Your assignment - Below is a listing; repeat exactly the lines from the one containing "Kaia Gerber, 21, is" to the one containing "100 200W Flexible", both included.

Data -
====

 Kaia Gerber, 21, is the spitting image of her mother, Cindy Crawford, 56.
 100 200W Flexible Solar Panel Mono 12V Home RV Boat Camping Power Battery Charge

====

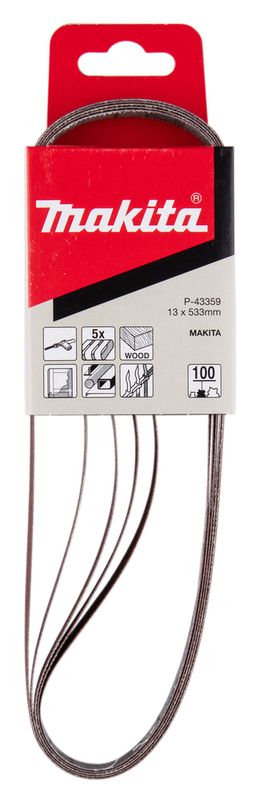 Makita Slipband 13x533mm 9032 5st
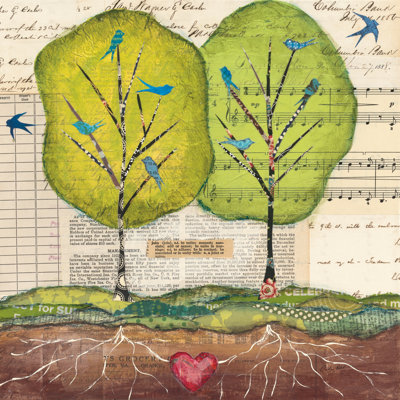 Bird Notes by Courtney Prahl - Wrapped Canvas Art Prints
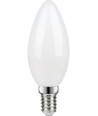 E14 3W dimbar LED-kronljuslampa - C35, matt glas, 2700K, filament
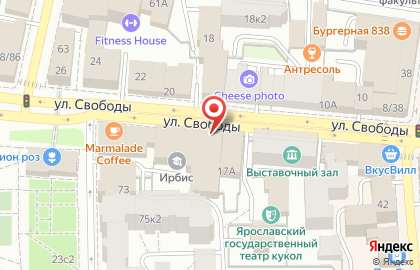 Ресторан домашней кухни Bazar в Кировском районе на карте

====

Exercise result -
 Kaia Gerber, 21, is the spitting image of her mother, Cindy Crawford, 56.
 100 200W Flexible Solar Panel Mono 12V Home RV Boat Camping Power Battery Charge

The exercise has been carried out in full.